The Mother City Queer Project (MCQP) does not need to be introduced to the socially conscious. But for those who still don’t know about it, the MCQP is Cape Town’s annual bash where dress-up is compulsory, where acting ‘gay” is compulsory but being gay is not.
Now the history of the event, and the extraordinary lengths people have gone to in dressing up for it, has been chronicled in a new hard- cover book called FAB (Umuzi publishers). Devoted largely to photographs of revellers, this item for the coffee table illustrates the ethos of the MCQP — that of turning ‘politics into pleasure”. That is how its originators André Vorster and Andrew Putter put it in an interview in 1994 when the concept kicked off under the name the Locker Room Project.
In essence, like other gay pride parades, the MCQP is the chrysalis that emerged from the ugly old society and the tough days of activism that followed in the early Nineties. The book suggests that no open celebration of gayness is politics free. The act of dressing up and going out in teams and themes creates a sort of security barrier between participants and the hostile world gazing in from the outside.
To prove it, the book presents a single stock image of placard waving Christian protesters showing that the parties happen, not merely for their own sake but in opposition to those who would wish to curtail constitutional liberties.
In contrast to the vibrant photography, descriptions of how people went about deciding what characters to dress up as are quite banal.
The actual text compiled and, in places, written by Eric Miller and Karen Jeynes is not written particularly well. But the photography, by seven principal photographers including Miller, gives a good impression of the swirling surrealism of the event. In general the book has a sort of scrapbook feel, right down to reproducing a day-by-day internet blog by one time MCQP creative director and theatre personality Peter Hayes.

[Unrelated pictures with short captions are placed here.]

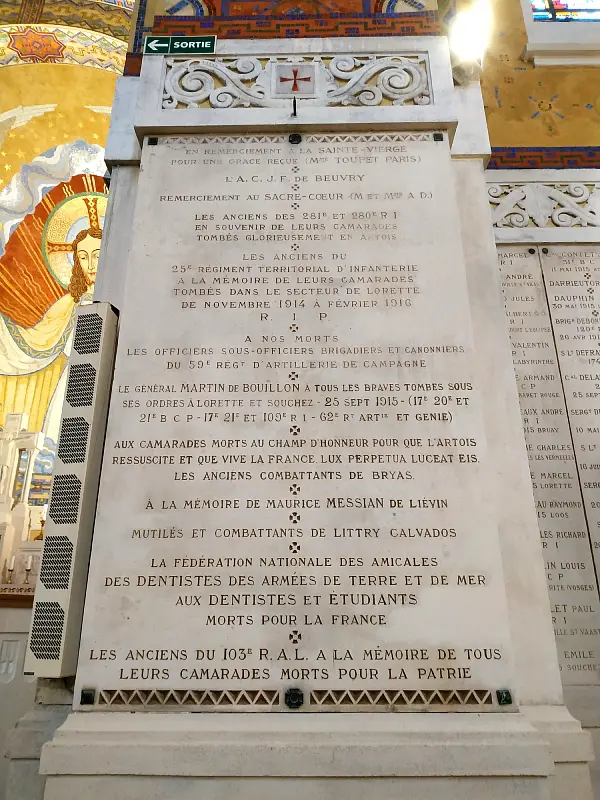 les plaques dédicaces de la basilique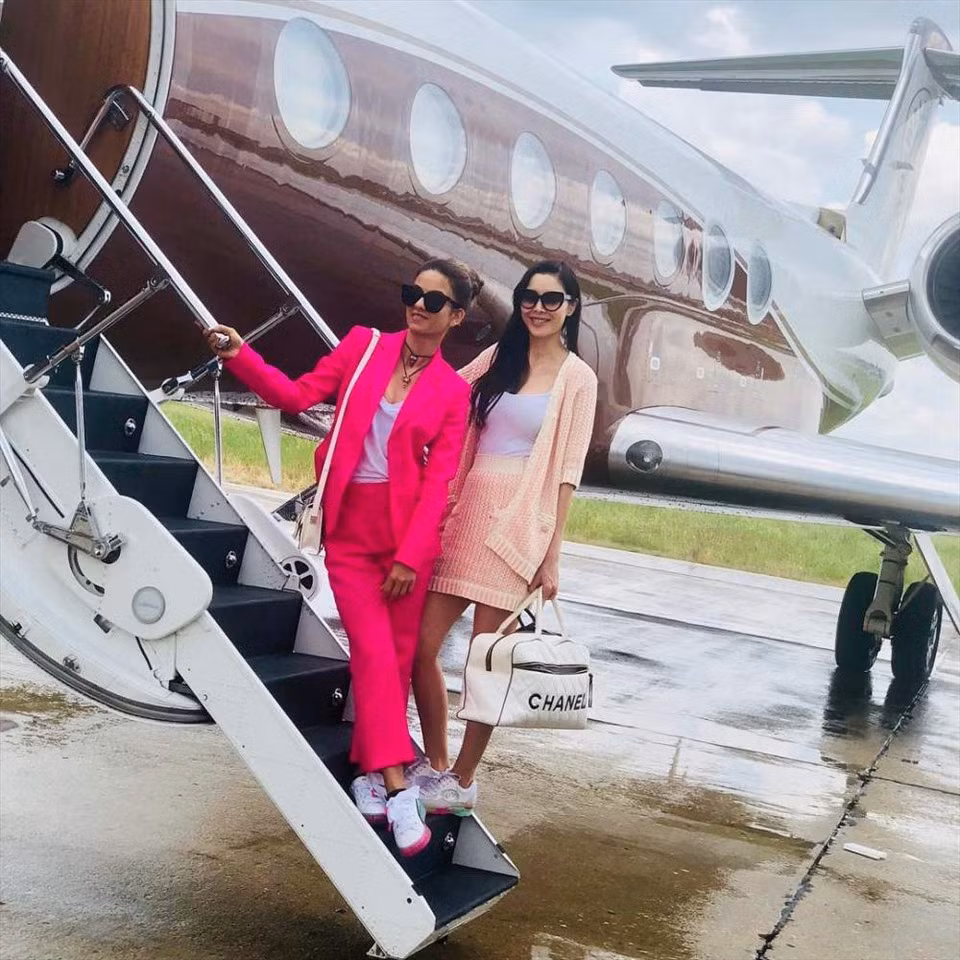 Tỷ phú dược phẩm Cyrus Poonawalla cùng gia đình thường xuyên tham dự các sự kiện bằng chuyên cơ riêng. Ảnh: Natasha.poonawalla/Instagram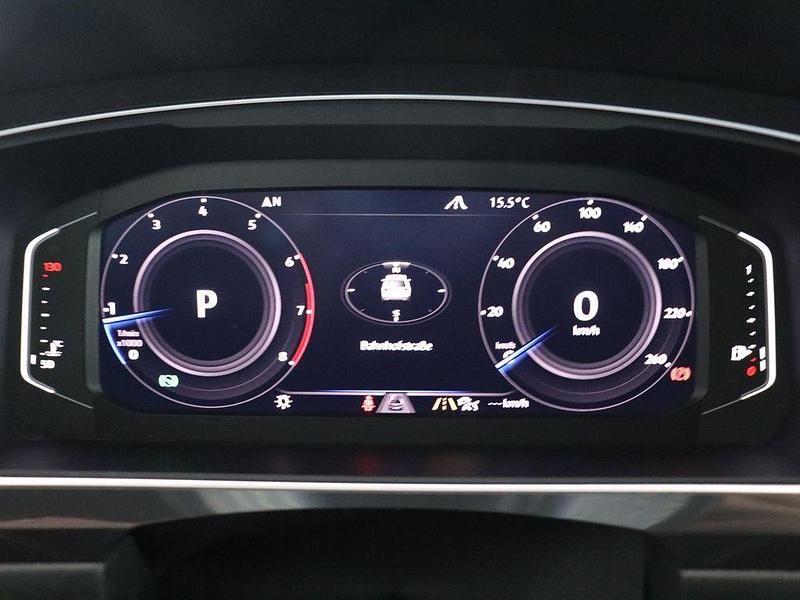 Gebraucht VW Tiguan Allspace R-line 220 PS (161 kW) 2019 Deep black perleffekt SUV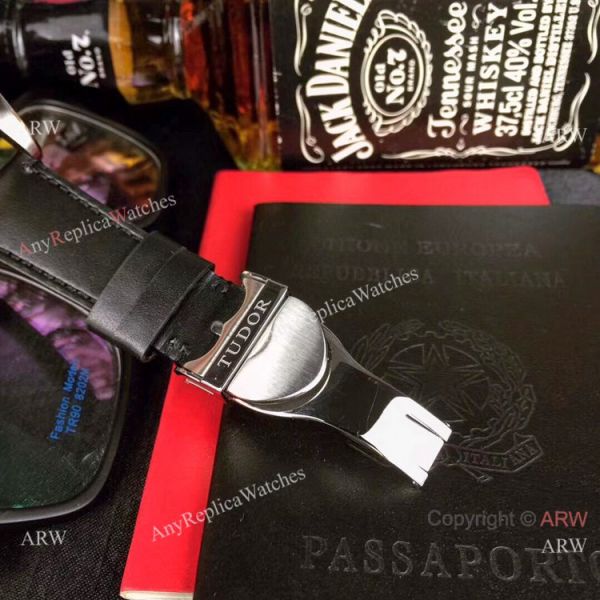 Tudor Heritage Black Bay 2-Tone Black Bezel Automatic Watch Best Replica Tudor Heritage Black Bay 2-Tone Black Bezel Automatic Watch Best Replica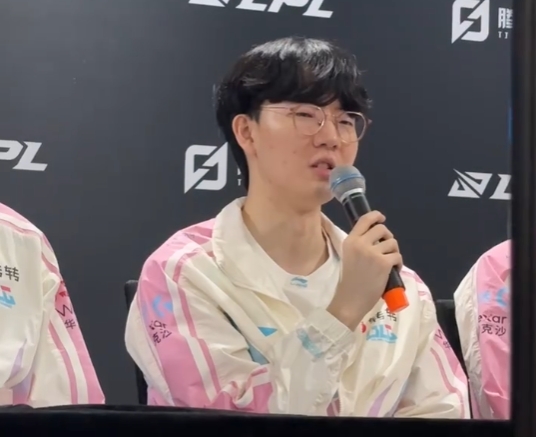 【万博电竞】Viper:去年先锋赛就五个队没什么意思,今年是很好的机会能卫冕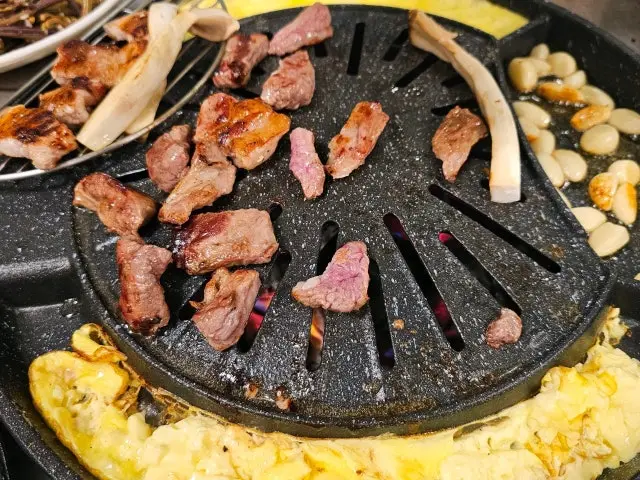 Donbangjejumatdwaeji Gwanjeo店 五花肉烤肉 2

What one gleans from the lowbrow points of view of party revellers is the way in which people from all echelons have made the experience their own. This is not a party for the glamorous elite. An anonymous woman hopes her husband won’t find out she is there — and that she won’t see her kids. A drug dealer celebrates the party as a moment to make a quick buck and a suburban boy has to call up his mother the day after to explain why he is shown on the cover of a newspaper, in drag and drunk.
The book contains some known voices: Joan Hambidge, Sheryl Ozinsky, Peter Krummeck, Shaun de Waal and Graham Weir.